### Task instructions
After locating the line containing "Takla atan otomobildeki bebek öldü" in the entries below, please write out that line and the rest through the end exactly. Omit pictures.

### Stored data entries
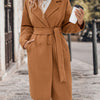 Perfee Dropped Shoulder Tie Waist Coat
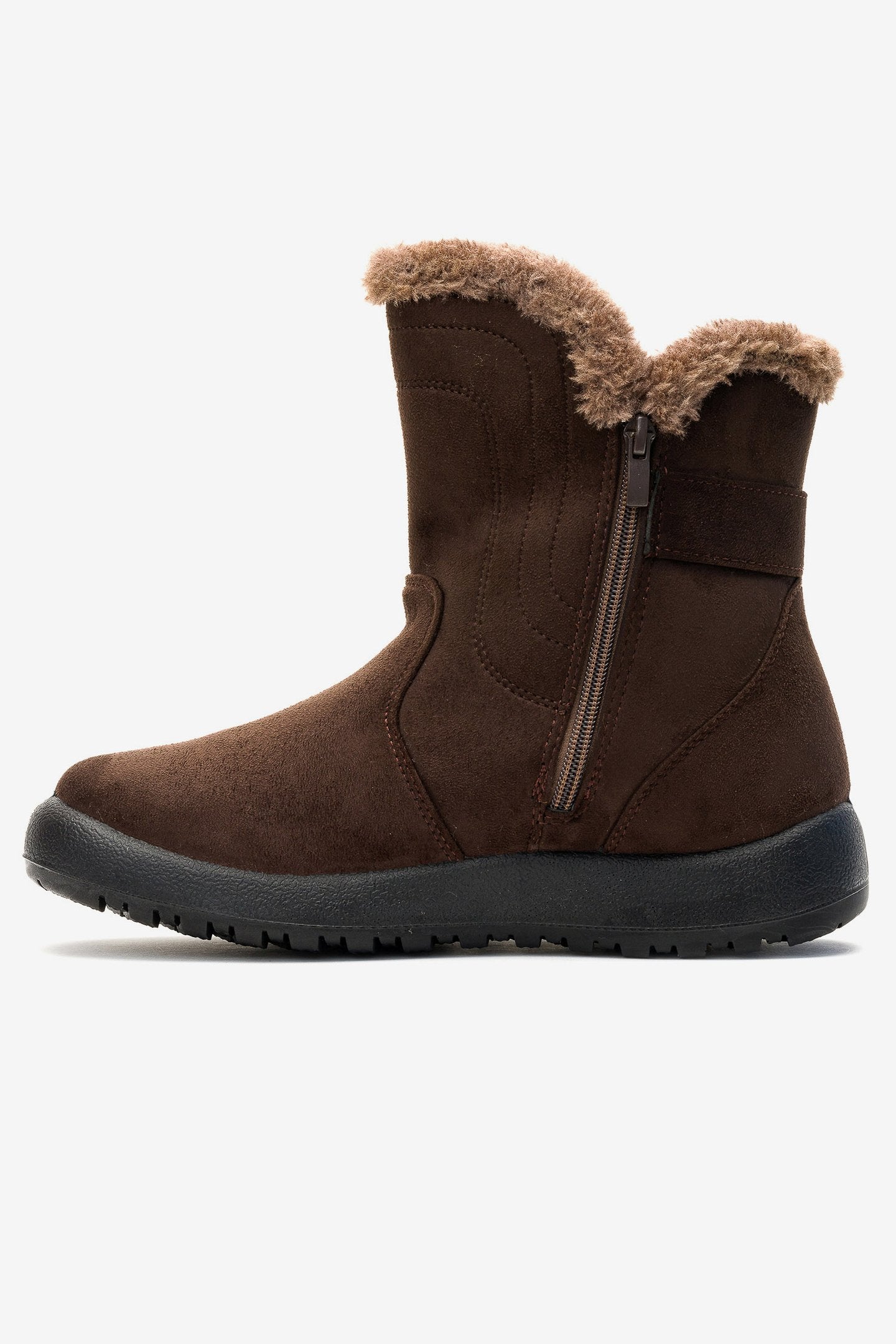 Bota Mujer Café Oscuro Silene Chancleta Chancleta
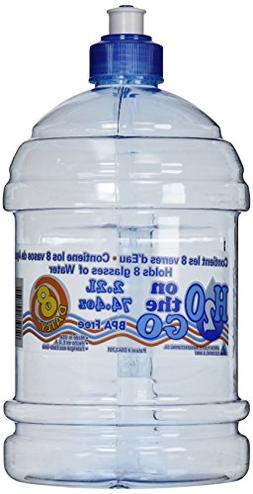Arrow Plastic 00750 2.2 Liter H2O On The Go Water Bottle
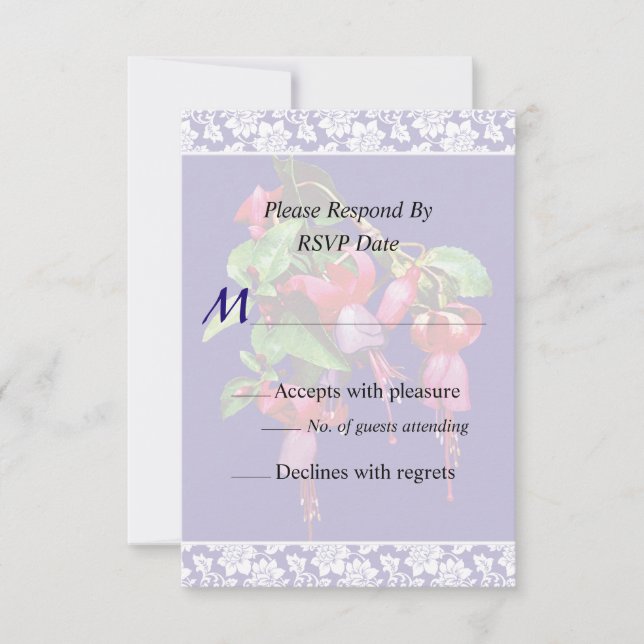 Fuschia Marshia Wedding Invitation (Front)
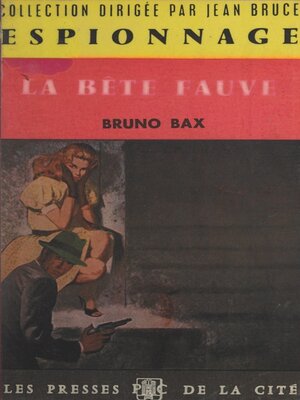 cover image of La bête fauve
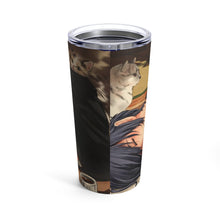 Load image into Gallery viewer, Dude Likes Cats, Cookies 'n Coffee (or is That tea?) Tumbler 20oz
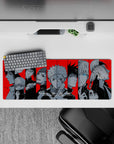 Jujutsu Kaisen Deskmat | Mousepad | Deskpad - Cursed Red Lineup - AniChan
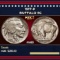 1917-p Buffalo Nickel 5c Grades ms63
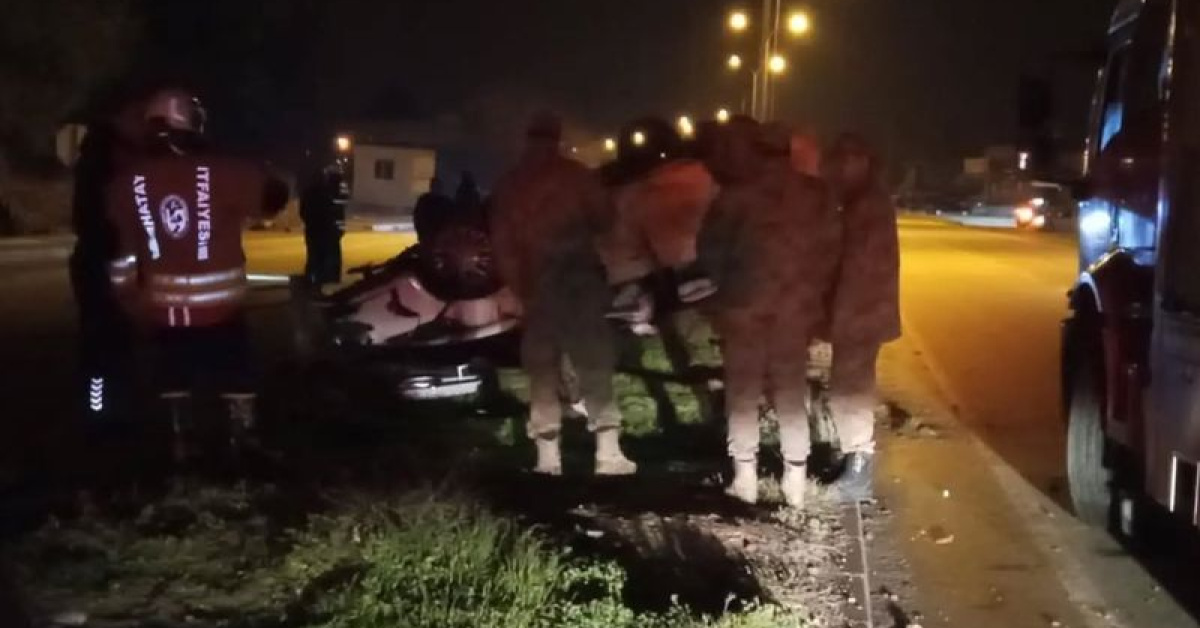 Takla atan otomobildeki bebek öldü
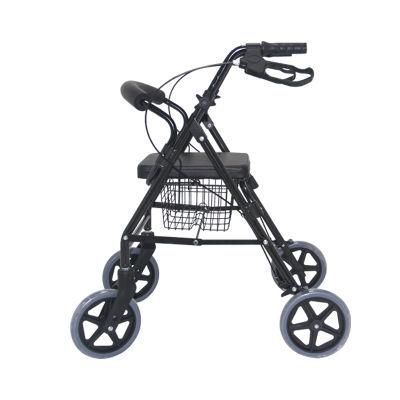 Hospital Medical Folding Aluminum Mobility Disabled Walker Rollator with Seat Disability Walking Aids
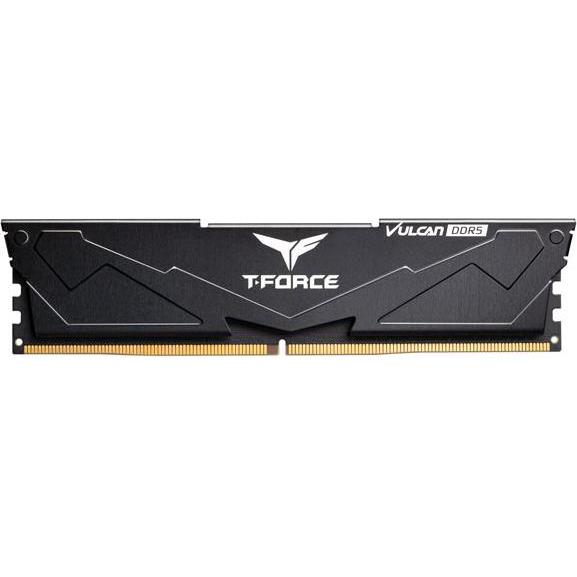 Adata RAM Team D5 6400 32GB C40 Vulcan black K2 (2 x 16GB, 6400 MHz, DDR5-RAM, DIMM), RAM, Schwarz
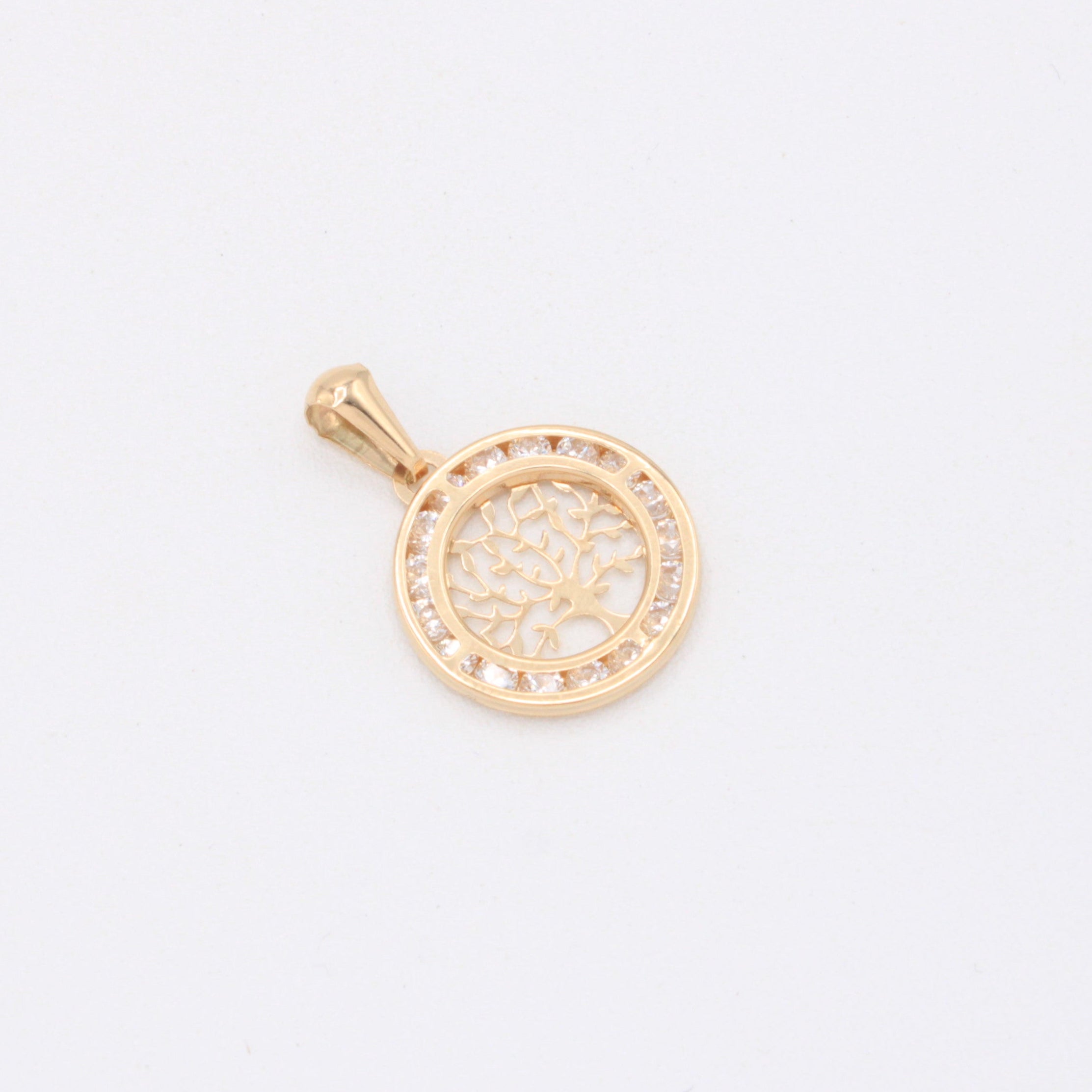 Dije de Oro 14k Arbol de la Vida con Zirconias mod. 10941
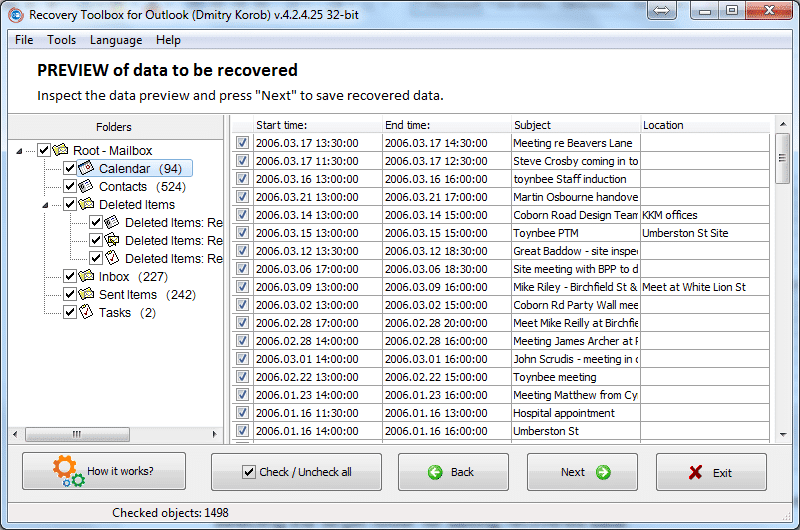 Mire los datos recuperados tan pronto como se complete el análisis
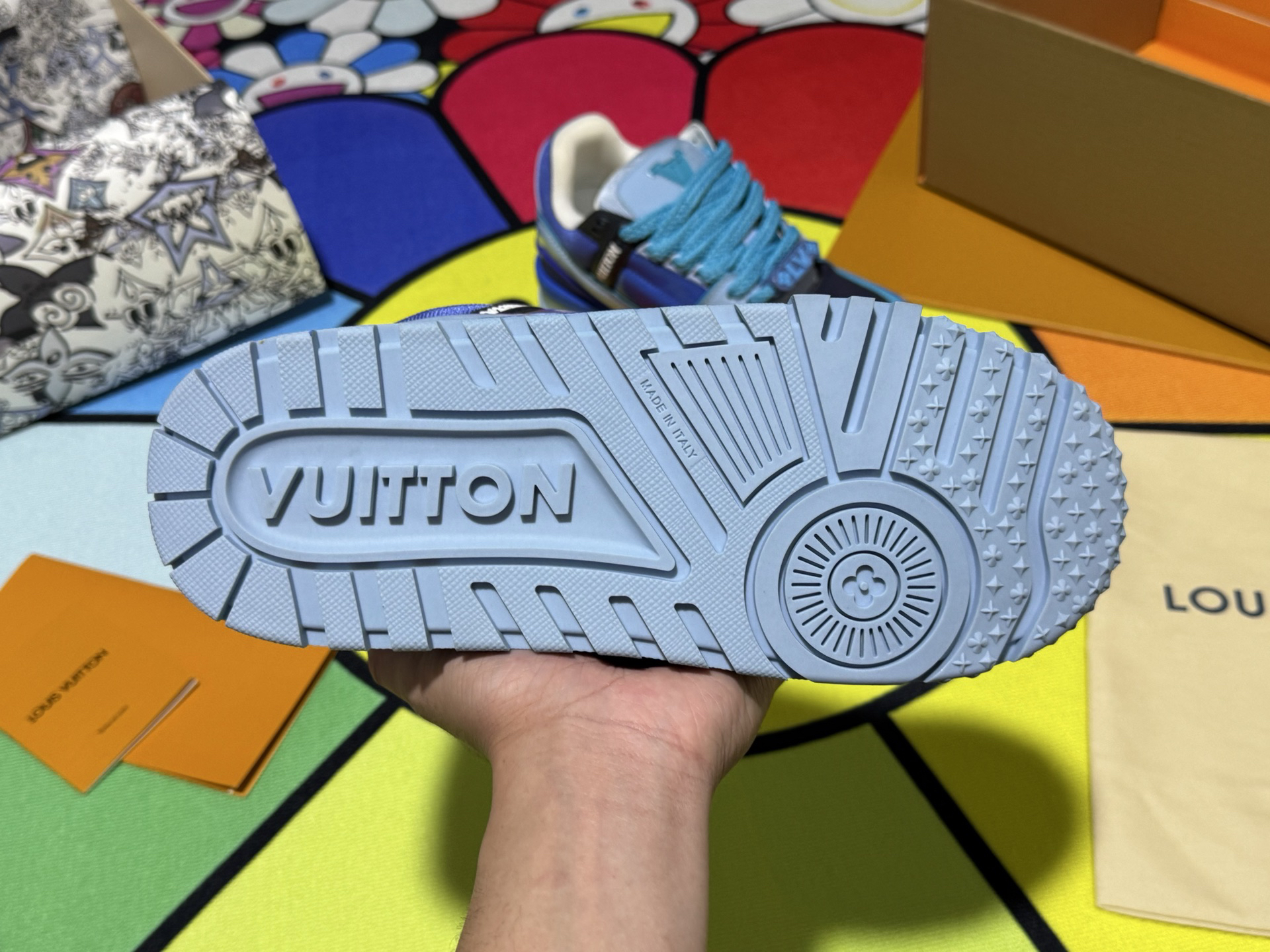 Louis Vuitton Sneakers in Denim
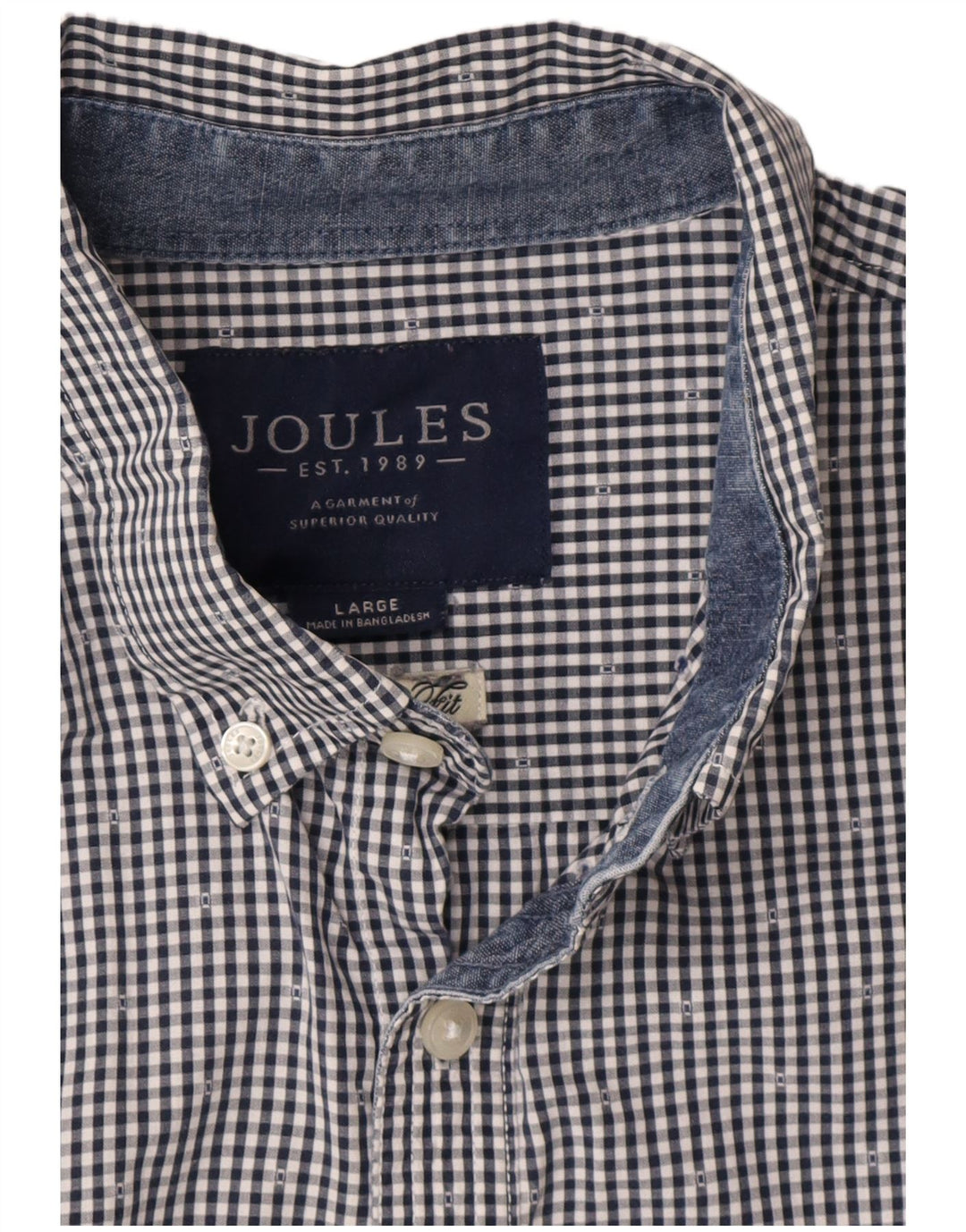 Joules Herrenhemd, groß, marineblau, kariert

### Solution
 Takla atan otomobildeki bebek öldü
 Hospital Medical Folding Aluminum Mobility Disabled Walker Rollator with Seat Disability Walking Aids
 Adata RAM Team D5 6400 32GB C40 Vulcan black K2 (2 x 16GB, 6400 MHz, DDR5-RAM, DIMM), RAM, Schwarz
 Dije de Oro 14k Arbol de la Vida con Zirconias mod. 10941
 Mire los datos recuperados tan pronto como se complete el análisis
 Louis Vuitton Sneakers in Denim
 Joules Herrenhemd, groß, marineblau, kariert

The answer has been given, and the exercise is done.